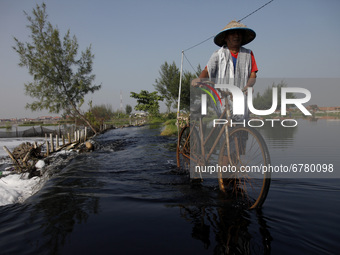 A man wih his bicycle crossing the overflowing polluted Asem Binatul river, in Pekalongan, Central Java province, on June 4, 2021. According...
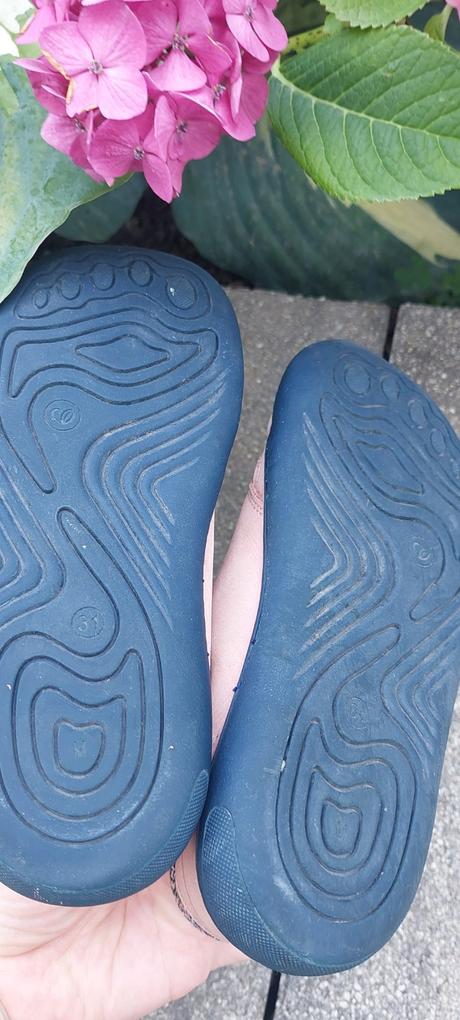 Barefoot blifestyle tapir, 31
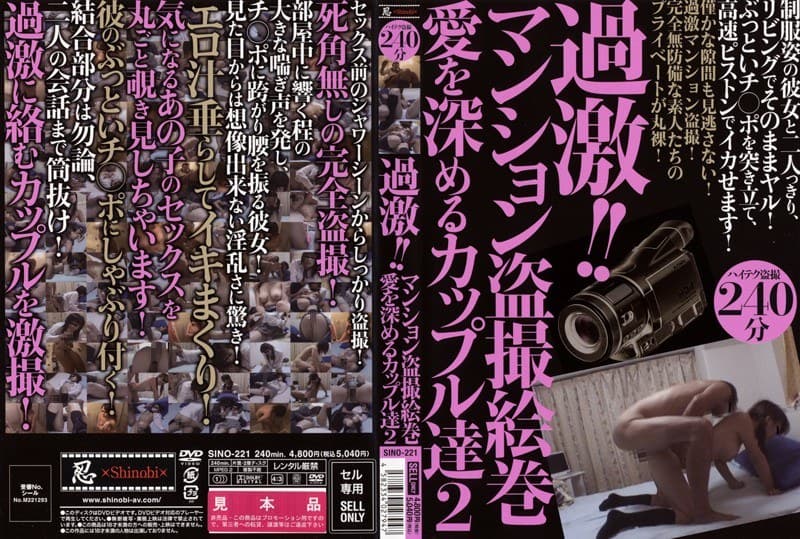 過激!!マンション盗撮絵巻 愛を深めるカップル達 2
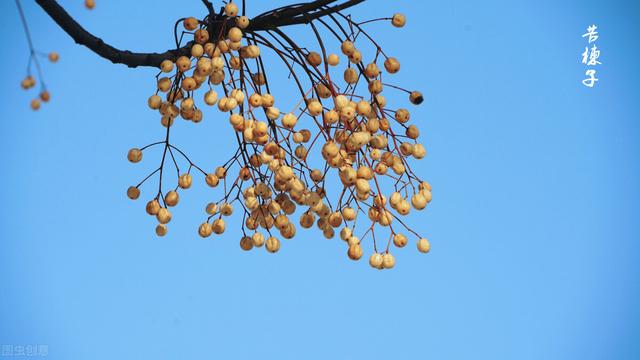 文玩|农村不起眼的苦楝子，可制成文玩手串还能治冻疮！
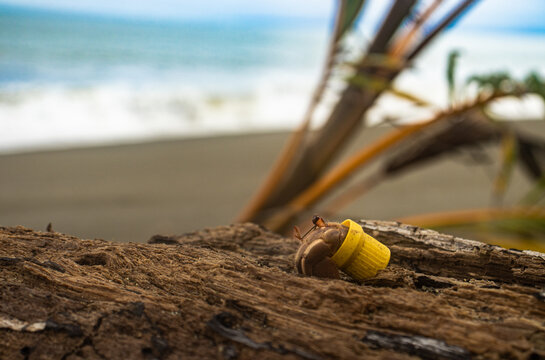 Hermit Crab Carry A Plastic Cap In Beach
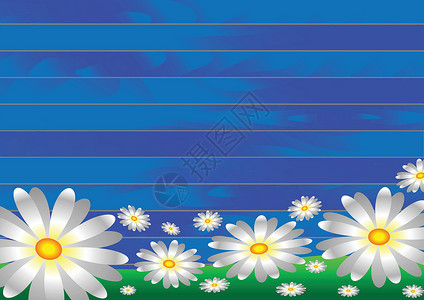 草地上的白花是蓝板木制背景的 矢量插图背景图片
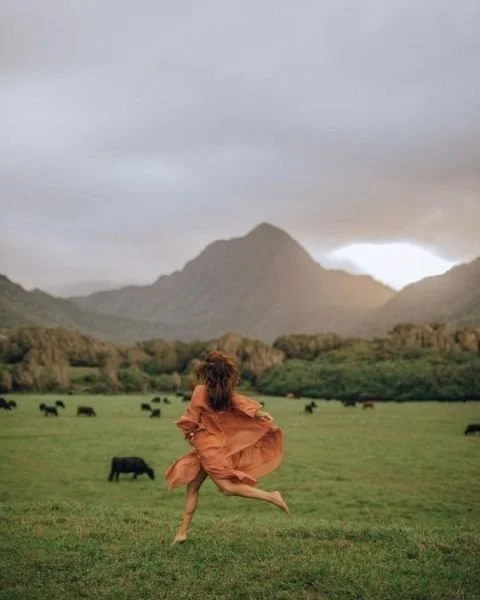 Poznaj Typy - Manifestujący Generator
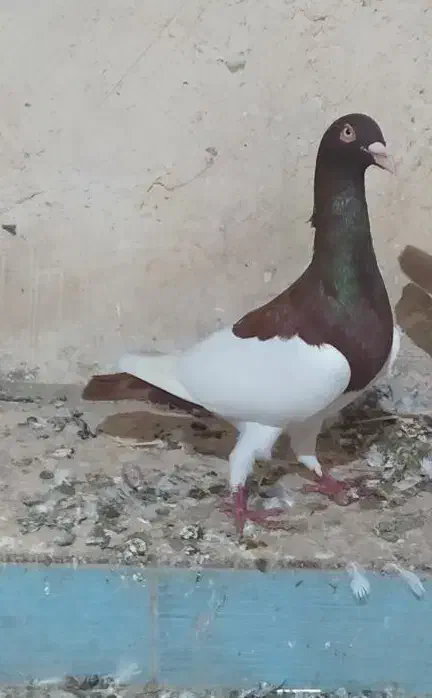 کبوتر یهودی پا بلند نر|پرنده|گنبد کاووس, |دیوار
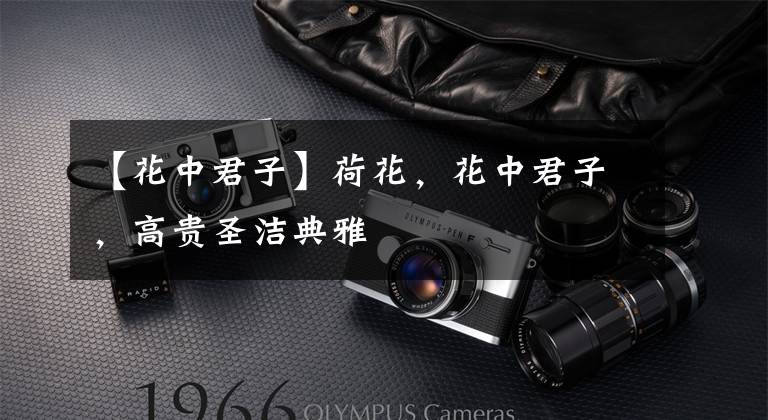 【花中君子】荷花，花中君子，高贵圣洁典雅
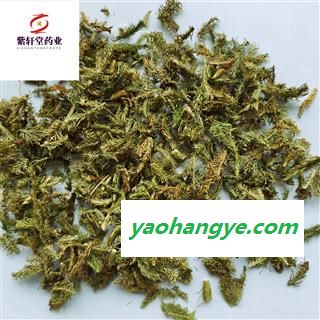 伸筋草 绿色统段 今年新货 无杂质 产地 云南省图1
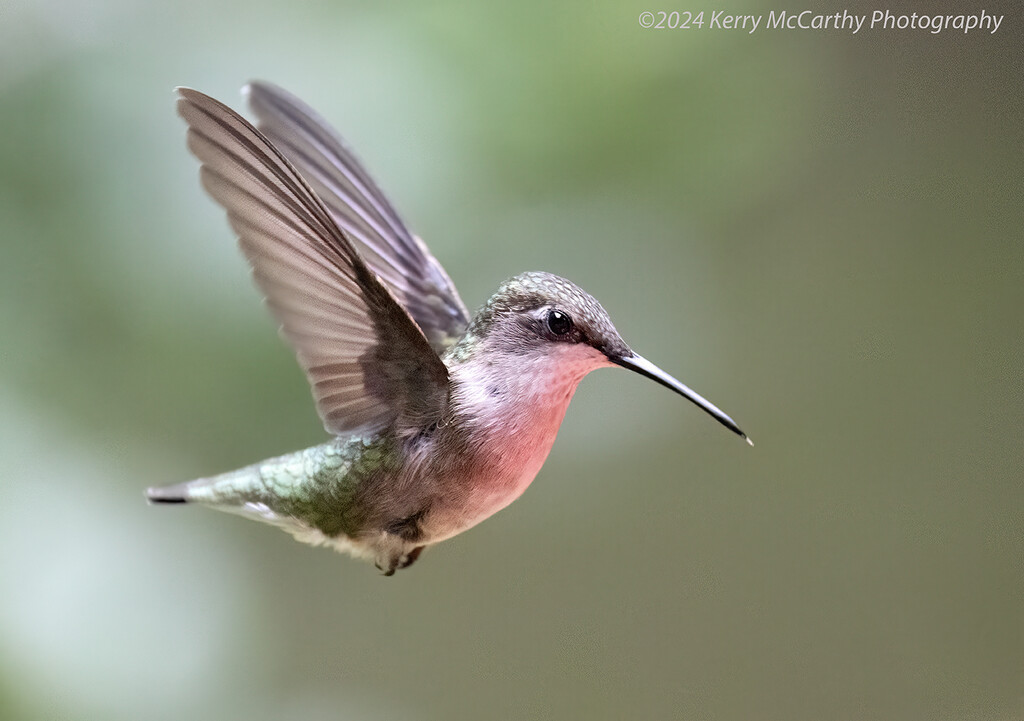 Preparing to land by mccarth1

...

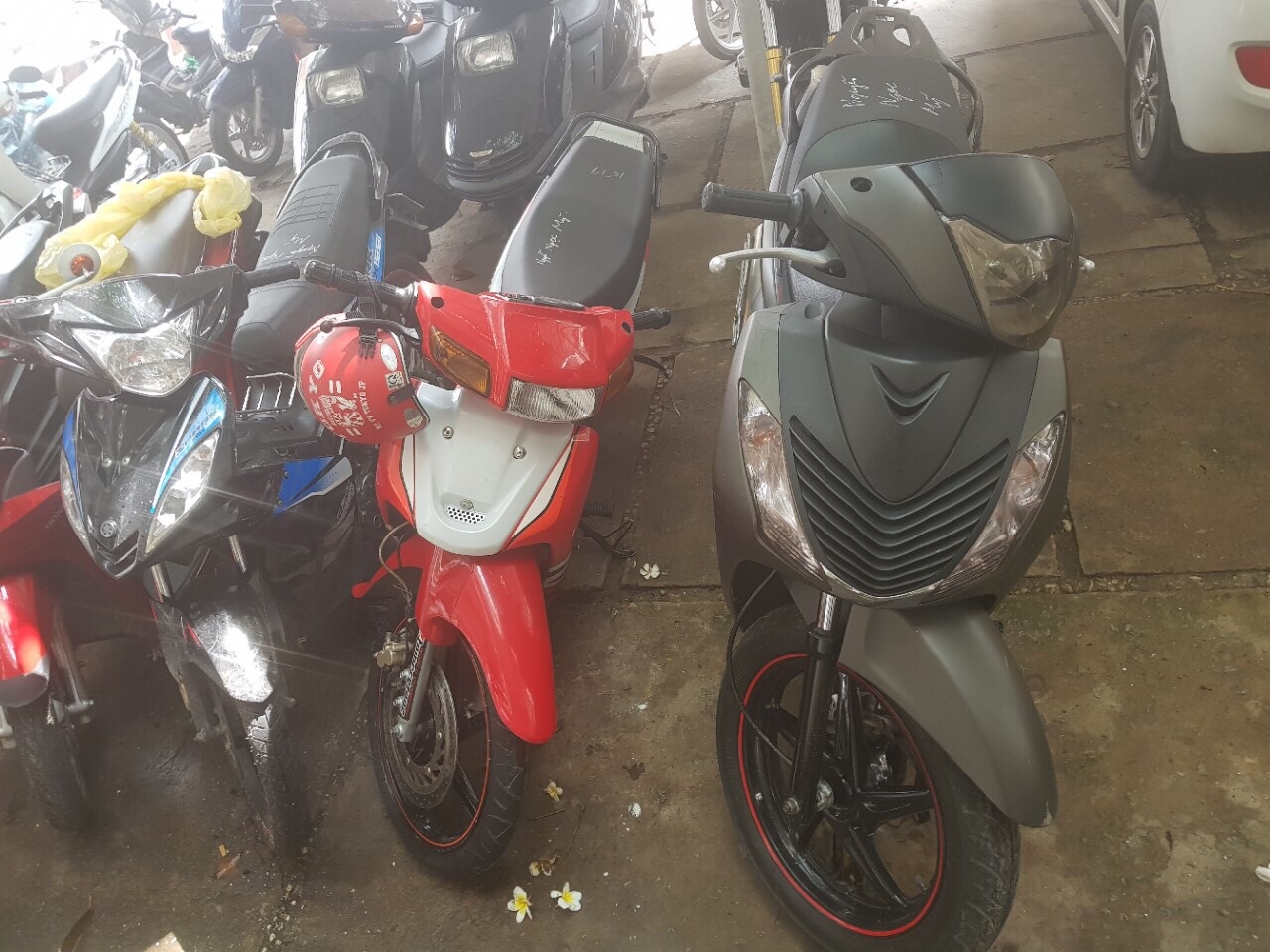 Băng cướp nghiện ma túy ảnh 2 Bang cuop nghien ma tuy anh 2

◆ **THE PROBLEM**: Using the listing above, reproduce word for word every line from the one containing "کبوتر یهودی پا" through the one containing "Preparing to land by mccarth1". Pictures must be left out.

◆ **ANSWER SPACE**:
 کبوتر یهودی پا بلند نر|پرنده|گنبد کاووس, |دیوار
 【花中君子】荷花，花中君子，高贵圣洁典雅
 伸筋草 绿色统段 今年新货 无杂质 产地 云南省图1
 Preparing to land by mccarth1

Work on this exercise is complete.